··· Material for the task
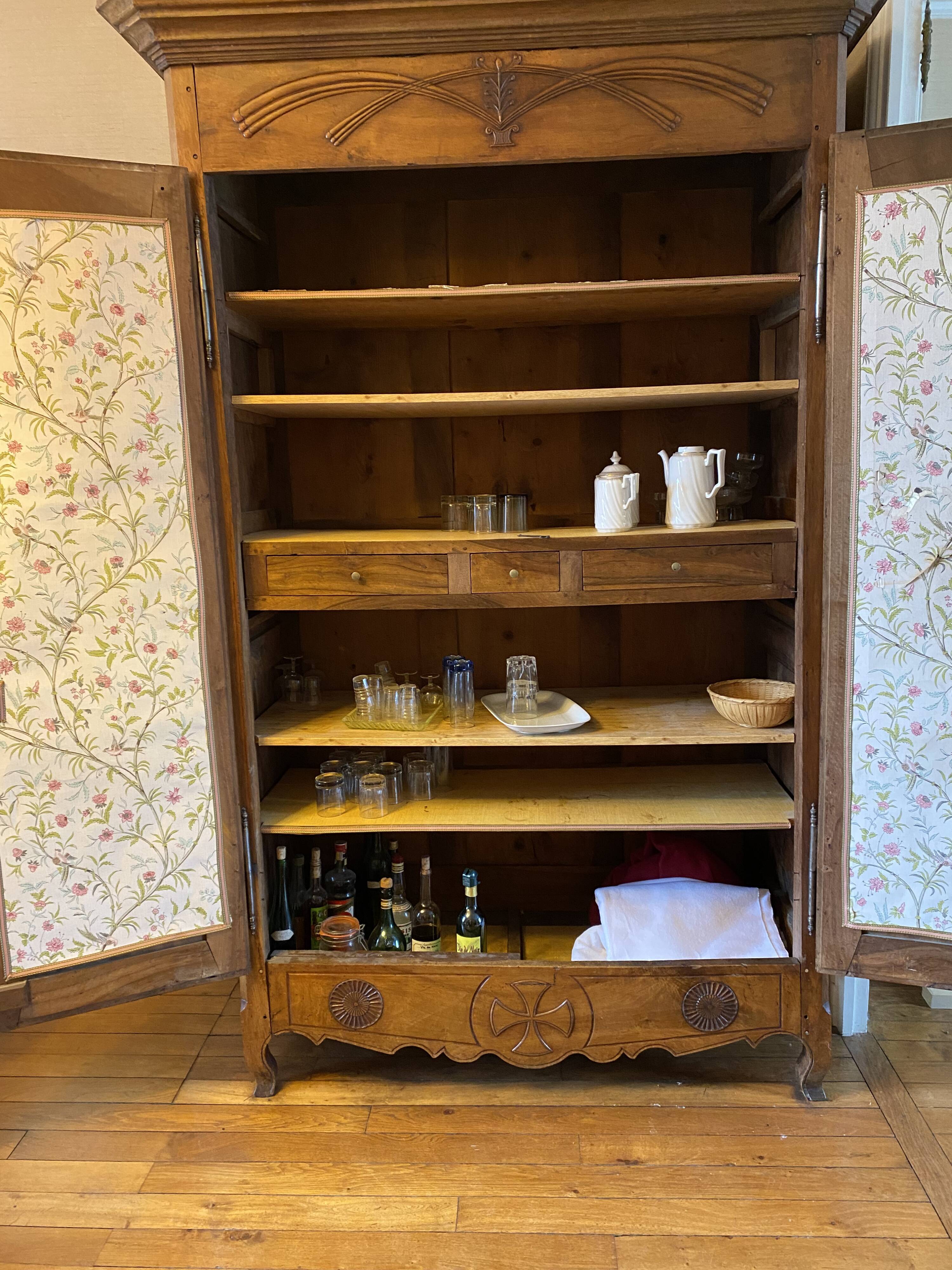 Solid walnut cabinet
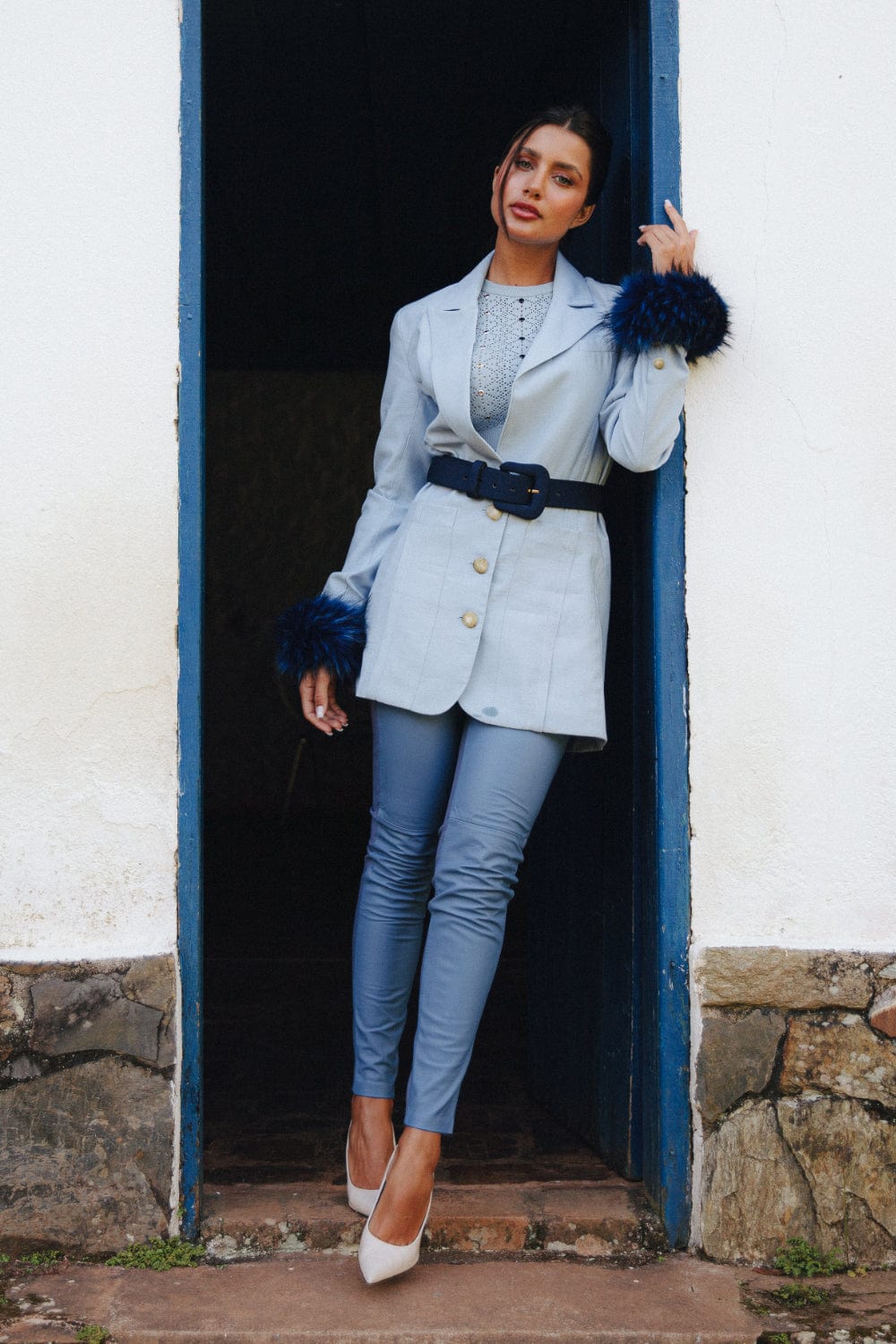 Skazi - Cinto Tricot Fivela 35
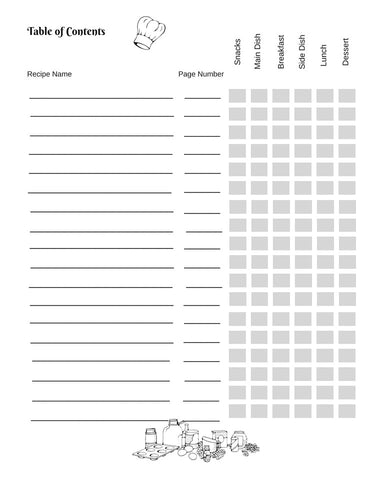 My Family Cookbook: The Blank Cookbook or Recipe Binder for collecting –  Kids Cooking Activities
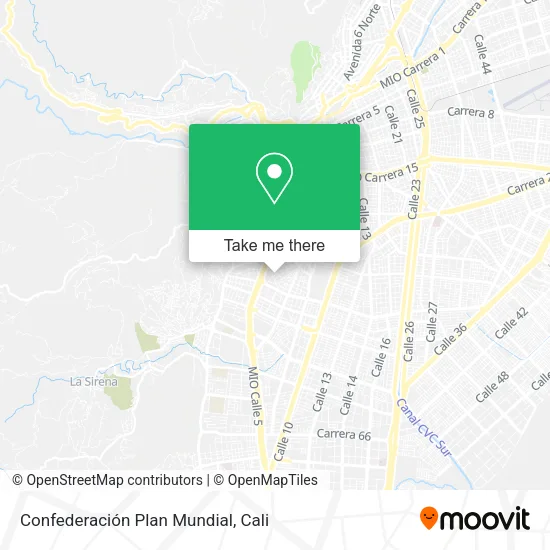 Confederación Plan Mundial map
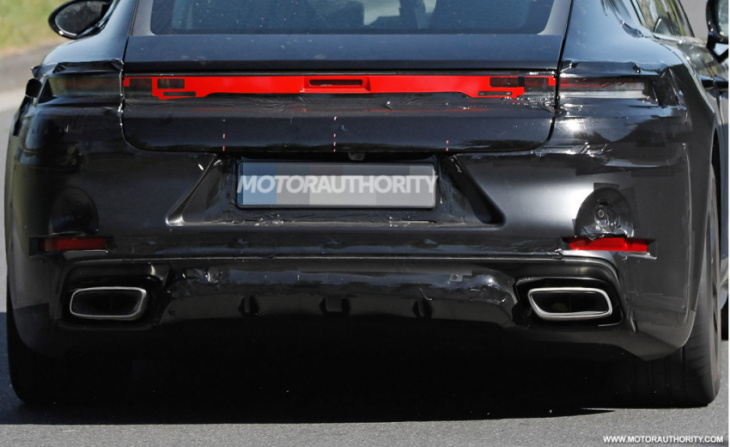 2024 porsche panamera spy shots and video: redesigned model to stick with ice power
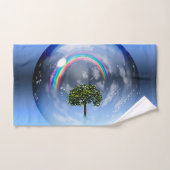 Regenbogen und grüner Baum Handtuch (Handtuch)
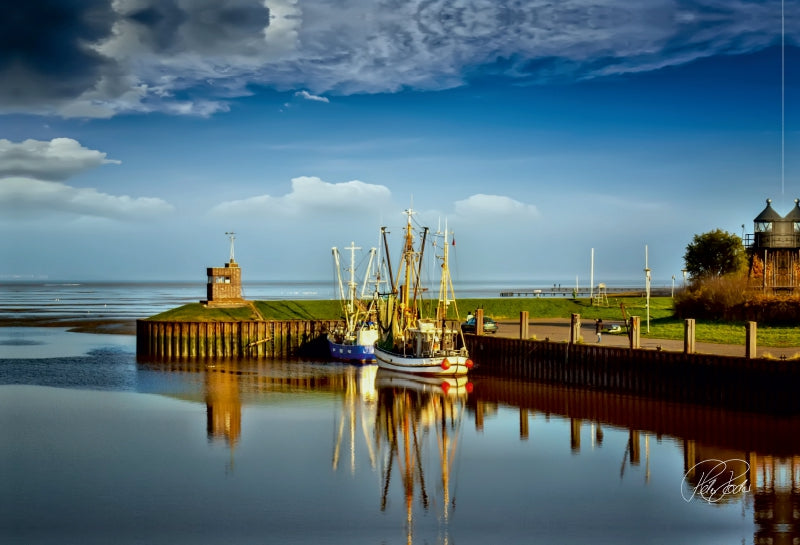 Premium Textil-Leinwand Dangast an der Nordsee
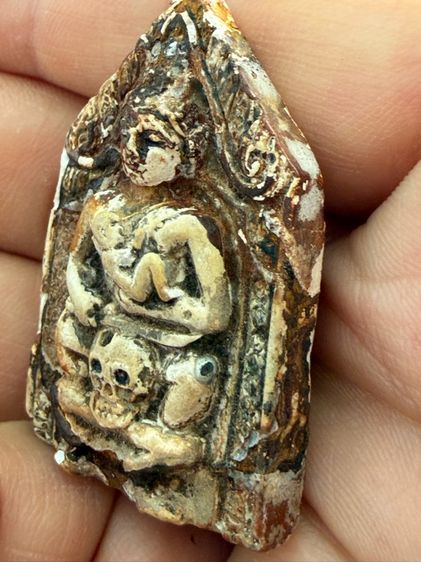 พระขุนเเผนอุ้มกุมารขี่โหงพราย หลวงพ่อกวย วัดโฆสิตาราม ชัยนาท ปี2500-2510 พระเหมาๆบ้านๆ พระคนแก่เก่าๆเก็บ รูปที่ 2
······
• **Instructions to follow**: Starting at the line that contains "2024 porsche panamera" and ending at the final line of the data, reproduce each line exactly. Pictures stay out of the copy.

• **Solution below**:
 2024 porsche panamera spy shots and video: redesigned model to stick with ice power
 Regenbogen und grüner Baum Handtuch (Handtuch)
 Premium Textil-Leinwand Dangast an der Nordsee
 พระขุนเเผนอุ้มกุมารขี่โหงพราย หลวงพ่อกวย วัดโฆสิตาราม ชัยนาท ปี2500-2510 พระเหมาๆบ้านๆ พระคนแก่เก่าๆเก็บ รูปที่ 2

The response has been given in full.